▶ _INSTRUCTIONS FOR THE TASK_
A partial copy is required: transcribe exactly the lines from the one containing "Galaxy S9+ Case,Leather" through the last line below, without any pictures.

THE INPUT START

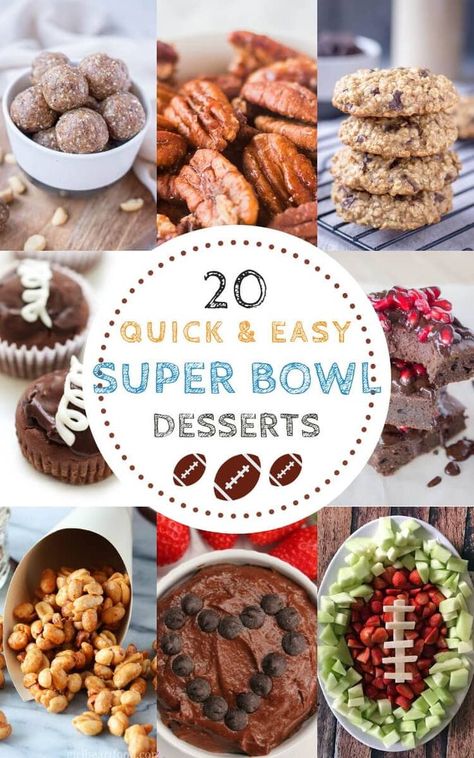 If you are hosting Super Bowl party, you’ll need some sweet treats for the big game! These 20 Healthy Super Bowl Desserts are super delicious, easy to make and most importantly GUILT-FREE. Perfect for your next game day party.  #superbowl #partyfood #football #recipes #recipeseasy #desserts #dessertfoodrecipes #dessertrecipes #dessertideas #snacks #gameday Sweets For Super Bowl Party, Super Bowl Treats Dessert Recipes, Sweet Superbowl Treats, Cute Superbowl Desserts, Superbowl Desert Board, Super Bowl Dessert Ideas, Easy Superbowl Desserts, Super Bowl Desserts Easy, Healthy Super Bowl Desserts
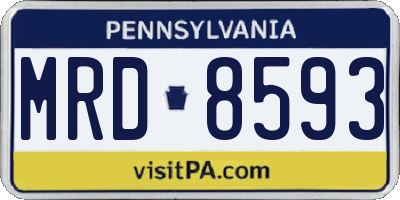 PA license plate MRD8593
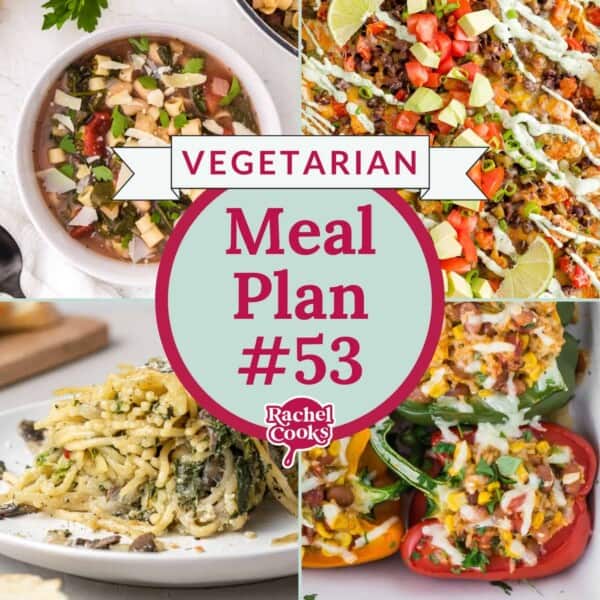 Vegetarian meal plan graphic with text and photos, reading meal plan 53.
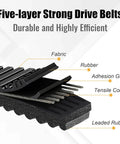 Cross-section of CVT Drive Belt For Ski Doo Snowmobiles MXZ 600 600R 800R 900 1200 showed fabric, rubber, adhesion gum, and tensile cord layers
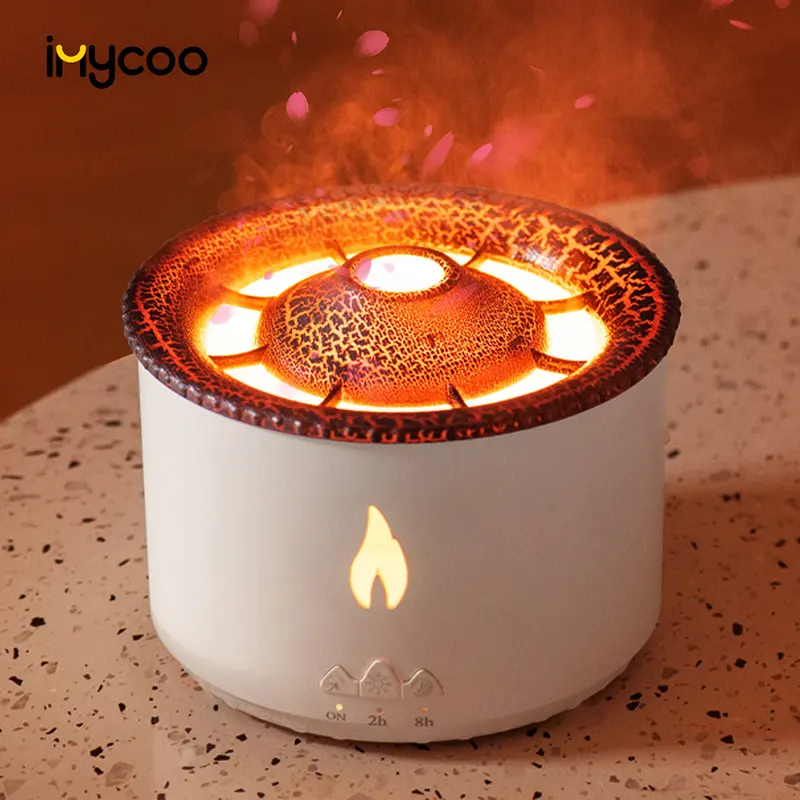 IMYCOO Portable Mini Aroma Flame Volcano Diffuser Humidifier Korean KC Air Fire Jellyfish Nebulizer Diffuser Oil Home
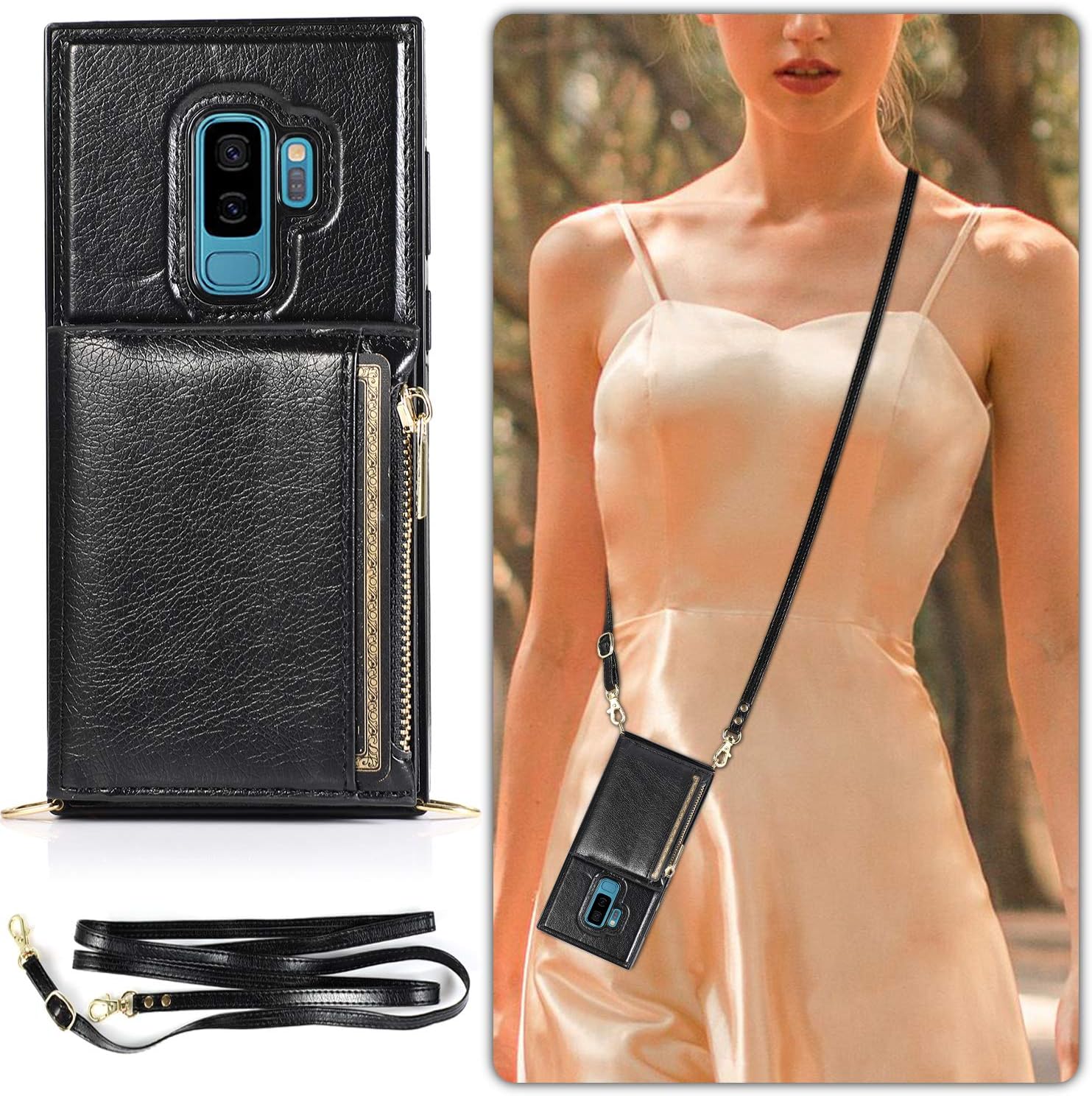 Galaxy S9+ Case,Leather Wallet Hnadbag Case with Card Slot Holder Wrist Strap Adjustable Crossbody Strap Handbag Magnetic Purse Zipper Protective for Samsung Galaxy S9+ 6.2"（Black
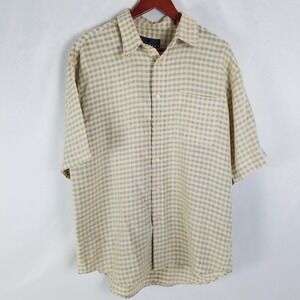 Consensus Mens Large Beige Blue Plaid Short Sleeve Button Up Shirt‎ Pocket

THE INPUT END

▶ _EXERCISE RESPONSE_
 Galaxy S9+ Case,Leather Wallet Hnadbag Case with Card Slot Holder Wrist Strap Adjustable Crossbody Strap Handbag Magnetic Purse Zipper Protective for Samsung Galaxy S9+ 6.2"（Black
 Consensus Mens Large Beige Blue Plaid Short Sleeve Button Up Shirt‎ Pocket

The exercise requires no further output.